Cleated Belt Conveyors
Belt conveyors with built-in cleats more accurately control movement and positioning of products. These belts most often clear off plastic moulding machines, cutters or stamping machines of processed products. The cleats ensure that parts do not collect under the machine, blocking the next batch of pieces.

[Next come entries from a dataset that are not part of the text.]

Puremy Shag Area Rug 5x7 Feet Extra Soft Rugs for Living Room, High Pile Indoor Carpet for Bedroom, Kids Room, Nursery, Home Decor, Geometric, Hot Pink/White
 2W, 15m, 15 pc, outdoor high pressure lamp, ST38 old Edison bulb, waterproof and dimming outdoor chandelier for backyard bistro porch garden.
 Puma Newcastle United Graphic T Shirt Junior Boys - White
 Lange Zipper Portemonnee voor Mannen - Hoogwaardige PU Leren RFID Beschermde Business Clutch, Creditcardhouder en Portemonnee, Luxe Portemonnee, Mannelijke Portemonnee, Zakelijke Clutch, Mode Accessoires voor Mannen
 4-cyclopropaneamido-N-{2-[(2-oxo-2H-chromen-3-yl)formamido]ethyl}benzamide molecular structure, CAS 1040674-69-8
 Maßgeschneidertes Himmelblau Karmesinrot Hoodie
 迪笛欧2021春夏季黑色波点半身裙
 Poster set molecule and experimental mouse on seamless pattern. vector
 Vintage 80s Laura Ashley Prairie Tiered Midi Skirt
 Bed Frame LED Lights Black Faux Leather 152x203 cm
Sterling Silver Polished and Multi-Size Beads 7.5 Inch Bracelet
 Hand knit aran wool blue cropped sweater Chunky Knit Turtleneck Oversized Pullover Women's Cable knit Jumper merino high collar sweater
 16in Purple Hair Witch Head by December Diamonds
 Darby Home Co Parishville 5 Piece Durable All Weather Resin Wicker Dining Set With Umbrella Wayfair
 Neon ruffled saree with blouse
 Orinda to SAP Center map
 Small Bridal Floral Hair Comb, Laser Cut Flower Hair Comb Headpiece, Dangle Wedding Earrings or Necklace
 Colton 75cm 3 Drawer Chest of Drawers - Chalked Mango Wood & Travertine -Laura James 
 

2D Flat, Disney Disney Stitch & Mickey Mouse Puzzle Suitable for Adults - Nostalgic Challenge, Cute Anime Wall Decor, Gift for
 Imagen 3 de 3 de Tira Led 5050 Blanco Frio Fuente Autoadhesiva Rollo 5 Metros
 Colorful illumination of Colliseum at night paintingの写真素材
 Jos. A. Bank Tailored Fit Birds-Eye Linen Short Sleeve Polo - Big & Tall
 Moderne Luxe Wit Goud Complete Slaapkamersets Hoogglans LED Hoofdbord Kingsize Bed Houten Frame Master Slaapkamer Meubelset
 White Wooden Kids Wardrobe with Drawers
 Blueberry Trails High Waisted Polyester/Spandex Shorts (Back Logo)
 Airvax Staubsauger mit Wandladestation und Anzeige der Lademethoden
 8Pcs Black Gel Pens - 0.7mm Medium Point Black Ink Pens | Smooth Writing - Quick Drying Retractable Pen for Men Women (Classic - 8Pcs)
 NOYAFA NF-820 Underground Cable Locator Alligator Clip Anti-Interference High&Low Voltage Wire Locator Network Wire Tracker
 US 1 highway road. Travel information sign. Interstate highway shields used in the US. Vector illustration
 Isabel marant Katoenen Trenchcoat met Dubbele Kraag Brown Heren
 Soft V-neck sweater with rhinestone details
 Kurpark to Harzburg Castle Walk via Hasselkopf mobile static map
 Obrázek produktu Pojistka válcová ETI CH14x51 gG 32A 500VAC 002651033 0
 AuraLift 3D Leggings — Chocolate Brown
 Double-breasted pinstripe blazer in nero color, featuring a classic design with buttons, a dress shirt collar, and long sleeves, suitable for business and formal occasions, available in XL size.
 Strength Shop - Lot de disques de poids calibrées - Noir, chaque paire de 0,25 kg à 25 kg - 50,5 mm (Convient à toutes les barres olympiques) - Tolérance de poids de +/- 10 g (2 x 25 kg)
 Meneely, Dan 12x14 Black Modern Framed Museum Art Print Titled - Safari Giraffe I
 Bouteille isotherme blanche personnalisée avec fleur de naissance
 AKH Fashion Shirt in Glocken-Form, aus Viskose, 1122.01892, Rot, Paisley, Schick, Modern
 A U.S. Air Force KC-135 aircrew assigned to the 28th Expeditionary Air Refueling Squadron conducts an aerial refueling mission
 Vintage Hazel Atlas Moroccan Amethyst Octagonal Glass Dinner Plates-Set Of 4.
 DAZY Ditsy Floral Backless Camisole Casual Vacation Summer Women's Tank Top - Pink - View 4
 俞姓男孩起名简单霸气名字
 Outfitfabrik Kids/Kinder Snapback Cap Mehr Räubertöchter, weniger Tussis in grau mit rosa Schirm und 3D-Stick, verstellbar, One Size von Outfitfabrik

Plastic Modular Conveyor Belts
Modular belt conveyors often change the direction in which the product is moving. These curved belt sections use thin, very flexible or jointed plied thermoplastic or plastic modular belts to negotiate the curve. Because plastic modular belts do not absorb fluids or harbour bacteria as more porous belts can, they may be used in food processing.
Food Grade Conveyors
Bakeries or health products manufacturers use nonporous, oil- and water-resistant belts that can be washed down and sterilised. Nonporous rubber or plastic with impressed surfaces don't adhere to dough, or food. Health care product manufacturers also use food-grade belts wherever the product may come in contact with the belt.
Magnetic Belt Conveyors
Magnetic belt conveyors have a series of permanent ceramic magnets embedded below a thin flat gripping belt surface. The magnets hold metal parts firmly against the moving belt in places where high conveyor speeds, sharp-edged or pointed products or sliding of the product might endanger workers.
Vacuum Belt Conveyors
The vacuum belt conveyor is perforated with thousands of tiny holes. A vacuum pump below the belt pulls air through the holes as they pass over. This vacuum holds lightweight materials in place as the conveyor moves them from place to place during manufacturing, packing or shipping.
Heavy Duty Conveyors
Processes involving chemicals, cutting, sanding, strapping, cardboard or paper processing require cut-resistant flat belts made with hard urethane or nylon covers. Thinner cross-rigid monofilament belts use less energy, require smaller motors, are cut resistant and move at faster speeds. The monofilament plies in the belt keeps it flat on the roller mechanism. Airport luggage conveyors especially need the high cut resistance provided by thermoplastic and nonwoven PVC belts with hard urethane covers.